May 17 is International Day against Homophobia, Transphobia, and Biphobia, commemorating when the World Health Organisation removed homosexuality from the Classification of Diseases and Related Health Problems in 1990.
Business Insider has created 10 maps to visually represent just how much LGBTQ rights differ around the world and how far we have to go to full acceptance and equality.
Same-sex acts can still carry the death penalty in at least a dozen countries.
Same-sex activity can be a capital offence in Afghanistan, Brunei, Iran, Mauritania, Nigeria, Pakistan, Qatar, Saudi Arabia, Somalia, Sudan, and Yemen.
Some 68 countries still criminalise homosexuality, most of them majority-Muslim nations in the Middle East, Southeast Asia, and Africa.
Though considered taboo, homosexuality is not technically illegal in most of Indonesia. The province of Aceh, though, is governed by strict Sharia law and same-sex activity has been punished there by public canings.
Following President Trump’s military ban, just 19 countries allow transgender people to serve openly in the Armed Forces.
The Netherlands was the first country to allow transgender people into the military, in 1974, according to CNN. Thailand is one of the more recent countries to accept trans service members, but they’re only allowed to serve in an administrative capacity.
Even where homosexuality is legal, there are laws in place that make living openly difficult.
In Russia, a federal law makes it illegal to distribute “propaganda of nontraditional sexual relations” to children. Critics say it’s so broad that it can be used to ban Pride parades and arrest people for even identifying as a member of the LGBTQ community on social media.
Only 28 countries have legalised same-sex marriage.
Italy, Switzerland, Poland, and Greece are among the countries that do not recognise marriage equality.
The first country to recognise marriage equality was the Netherlands, in 2001.
In May 2019, Taiwan became the first country in Asia to recognise same-sex marriage.

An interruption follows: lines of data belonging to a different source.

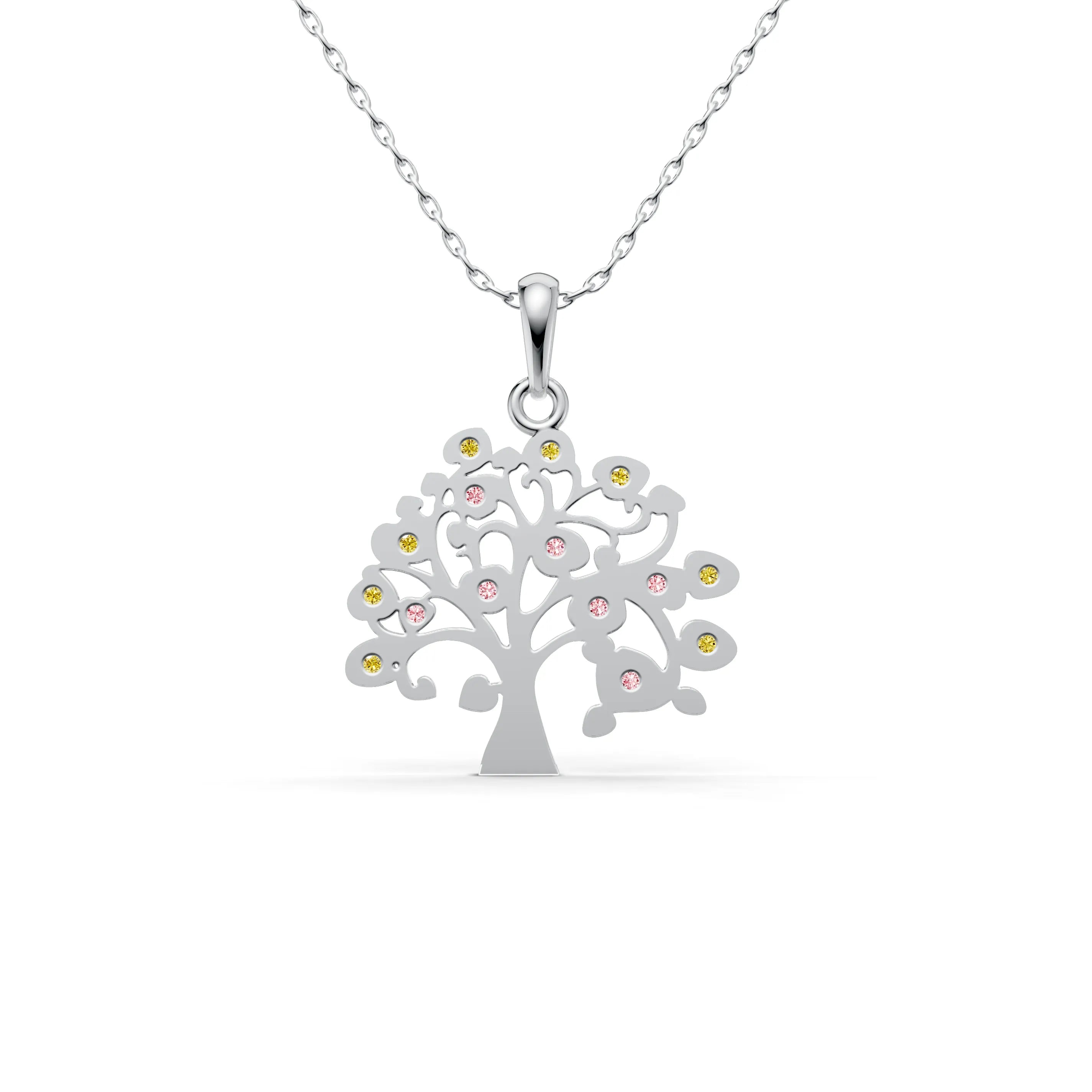 Silver_Citrine_Pink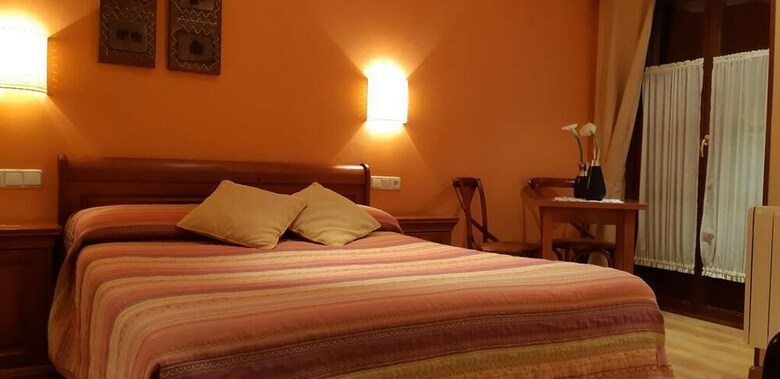 Hotel Rural La Plaza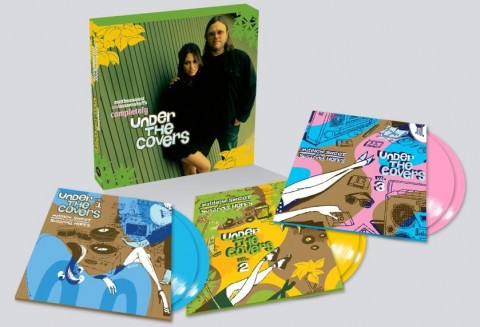 マシュースウィートandスザンナホフス✨ Completelyアンダーカバーズ✨ SWEET,MATTHEW & SUSANNA HOFFS - Best Of Under The Covers - Amazon
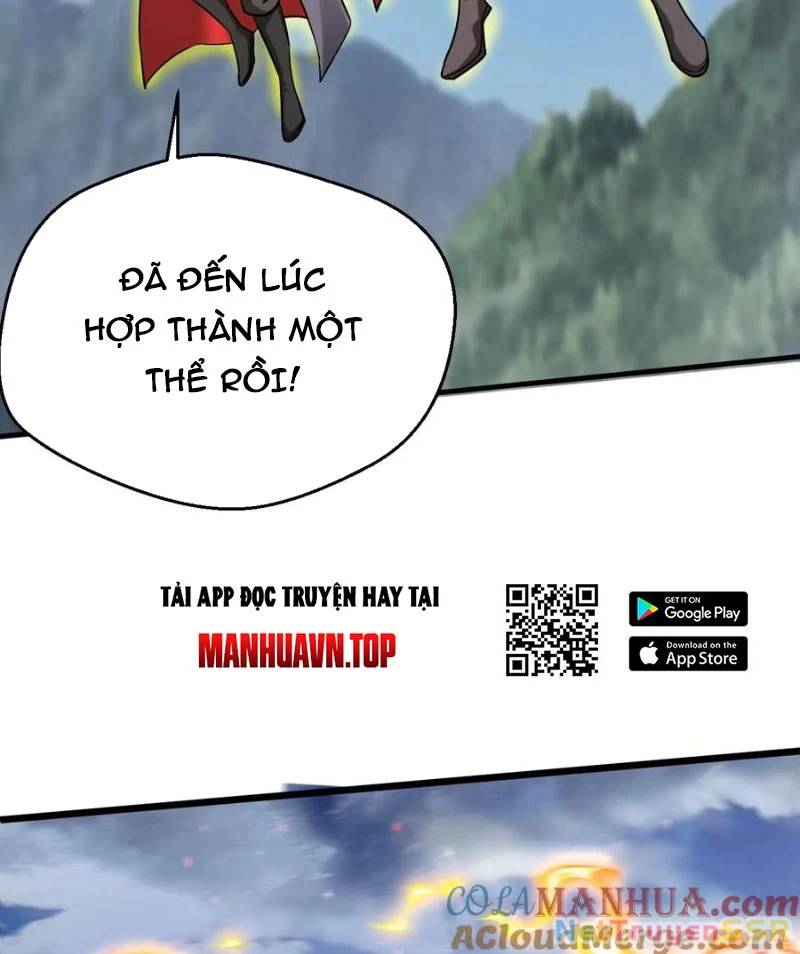 Vô Địch Đốn Ngộ Chapter 314 - Trang 35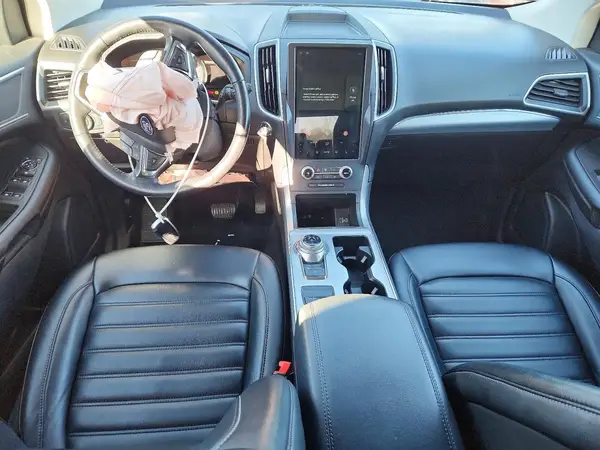 2FMPK4J94NBA41343 2022 FORD EDGE - Image 8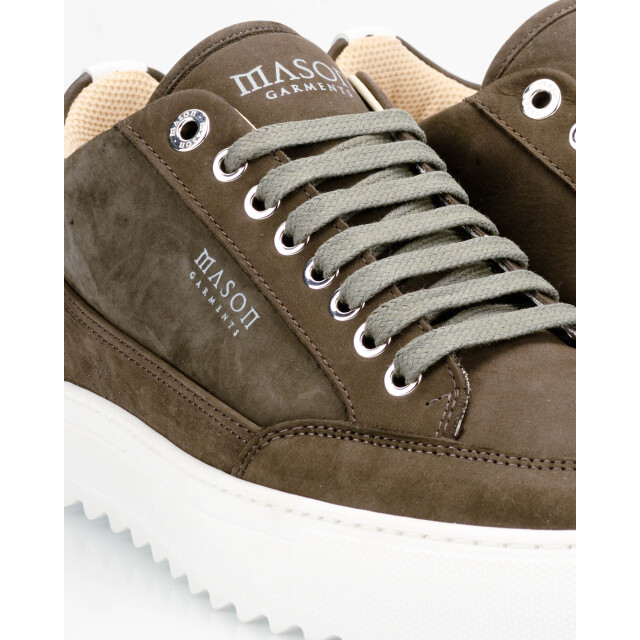 Mason Garments Tia originale sneakers 104028-001-44 large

Brazil, Ecuador, and the tiny Mediterranean island nation of Malta are the only three countries to ban so-called conversion therapy.
In the US, 20 states – including New York, California, Massachusetts, Utah, Maryland, and Virginia – have banned therapy to seeks to change a minor’s sexual orientation or gender identity.
Efforts are underway to prohibit the discredited practice nationwide, as well as in Canada, Chile, Mexico, Germany, and other countries.
Only 5% of UN member states have provisions in their constitutions barring discrimination based on sexual orientation.
South Africa was the first country to include sexual orientation protections in its constitution, which it did in 1997.
More countries have made strides when it comes to tackling workplace discrimination based on sexual orientation.
In Africa, Angola, Botswana, Mozambique, South Africa, and Seychelles are among the countries that bar workplace discrimination based on sexual orientation. (Source: ILGA)
Few countries outside of Europe and the Americas allow same-sex couples to adopt children.
Israel, which does not allow same-sex marriage, does allow same-sex couples to adopt.
And in February 2020, the country’s Supreme Court ruled that gay couples should be allowed access to surrogacy. The high court gave lawmakers one year to amend the current law.